Troubleshooting is an inherent part of network operation: no matter how well networks are designed, something eventually fails, and in large networks, failures are ever-present. In the past, troubleshooting has mostly relied on ad hoc techniques cobbled together as afterthoughts. However, both the importance and difficulty of troubleshooting has intensified as networks have become crucial, ubiquitous components of modern life, while at the same time their size and complexity continues to grow. These twin pressures highlight the urgent need to integrate troubleshooting as a first-class citizen when developing a network architecture.

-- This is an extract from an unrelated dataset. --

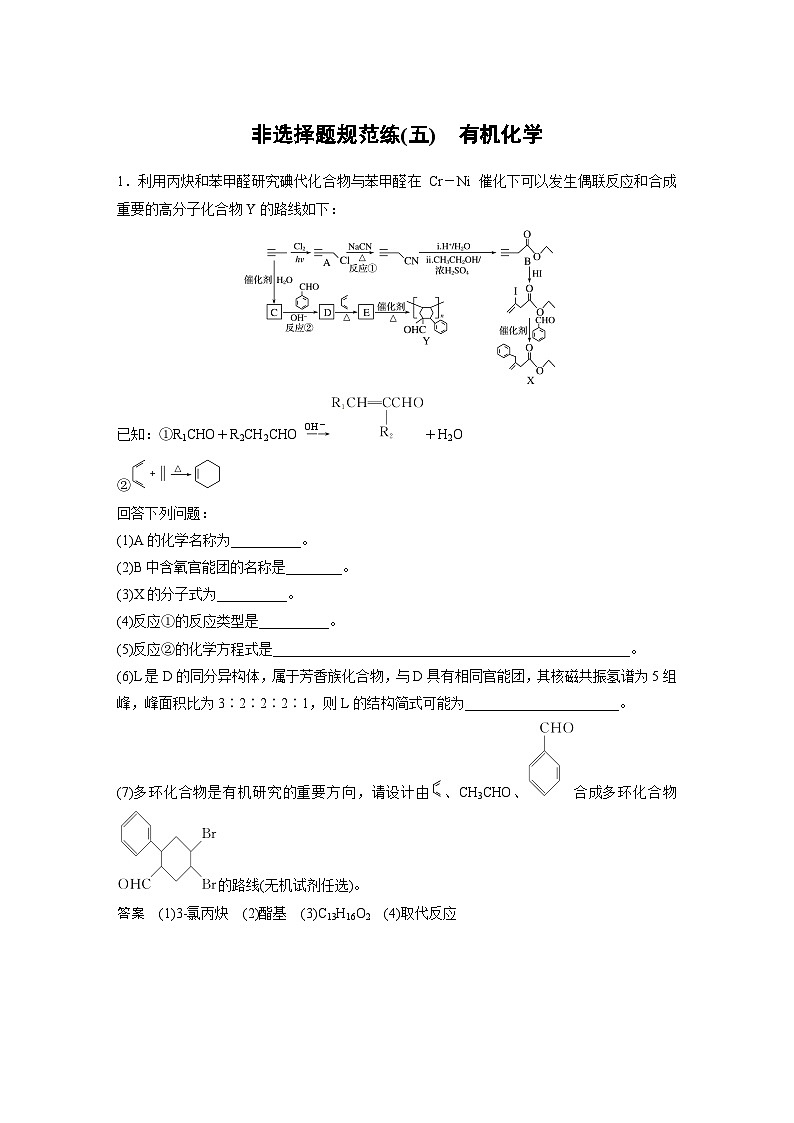 高考化学二轮复习(新高考版) 第3部分 高考题型练 非选择题规范练(五) 有机化学（含解析）第1页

Armed with a set of general principles, we are building a set of key building blocks for troubleshooting. The task of troubleshooting is one of vast range and eclectic trajectories. As such, the approaches we are developing are not limited to specific domains (e.g., web surfing performance, or routing connectivity failures) but are designed to be generally applicable across architectures, and evolvable as a network's structure and uses inevitably change. The goal is for our experiences to both inform broader communities, such as NSF's Future Internet Design (FIND) community, about ways to weave troubleshooting into new architectures, and in turn to take from these other architectural efforts both requirements and synergistic insights.
The health and failure of networks is of broad societal impact and improvements and breakthroughs in troubleshooting will have corresponding impact. Due to the wide reach of troubleshooting, privacy of information becomes a consideration, so we are developing privacy-aware principles throughout our work.